Let $X_1,\dots, X_n\sim$iid Poisson with mean $\lambda$, and consider estimating $$ g(\lambda)=P_{\lambda}(X_i=1)=\lambda e^{-\lambda} $$ One natural estimator might be the proportion of ones in the sample: $$ \hat{p}_n=\frac{1}{n}\#\{i\le n: X_i=1\}=\frac{1}{n}\sum_{i=1}^nI[X_i=1] $$ Another choice would be the maximum likelihood estimator $g(\bar{X}_n)$ with $\bar{X}_n$ the sample average.

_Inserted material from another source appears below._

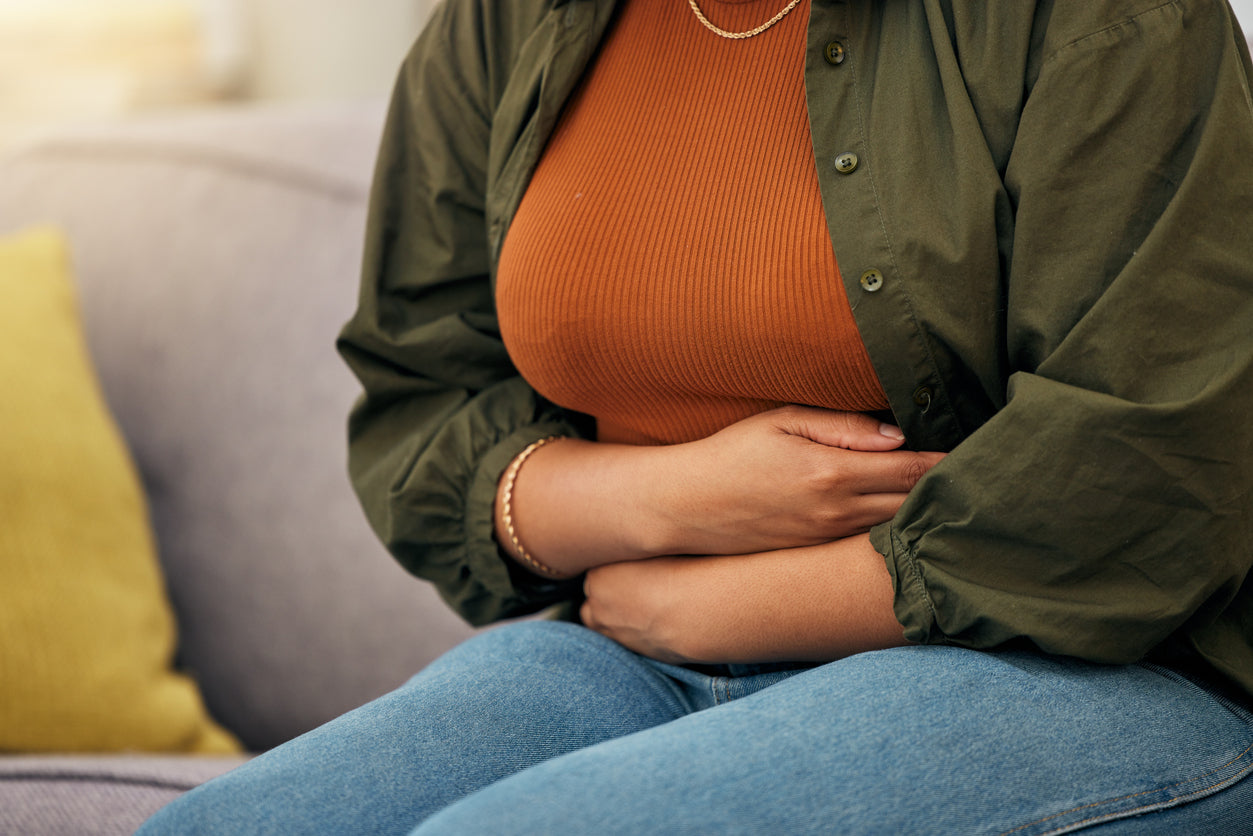 A person holding their stomach.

(1) Find the asymptotic relative efficiency of $\hat{p}_n$ w.r.t. $g(\bar{X}_n)$.
(2) Determine the limiting distribution of $n[g(\bar{X}_n)-1/e]$ under $\lambda=1$.
(1) The log-likelihood function is $$ l_n(\lambda)=-n\lambda+n\bar{X}_n\log\lambda-\log \prod x_i! $$ with $l''_n=-n\bar{X}_n/\lambda^2$.
So $$I(\lambda)=-E[-n\bar{X}_n/\lambda^2]=n/\lambda$$
But how about the $\hat{p}_n$?
Note that from CLT $$ \sqrt{n}(\hat{p}_n-E[I(X_i)=1])=\sqrt{n}(\hat{p}_n-\lambda e^{-\lambda})\to^d N(0,v) $$ where $v=Var(I(X_i)=1)=\lambda e^{-\lambda}-(\lambda e^{-\lambda})^2$.
(2) I have no idea about $1/e$...
$$n[g(\bar{X}_n)-1/e]=n[\bar{X}_ne^{-\bar{X}_n}-1/e]$$
Take $f(x)=xe^{-1}-1/e$ with $f'(x)=e^{-x}-xe^{-x}$ and $f''(x)=(x-2)e^{-x}$. Note that $f(1)=f'(1)=0$ and $f''(1)=-1/e$. Thus, $$ f(x)\approx \frac{1}{2}f''(1)(x-1)^2 $$ This means $$ n[g(\bar{X}_n)-1/e]=nf(\bar{X}_n)\approx n\frac{-1}{2e}(\bar{X}_n-1)^2\to \frac{-1}{2e}\chi_1^2? $$ I am confused here because $E X_1=\lambda$ and I cannot use CLT.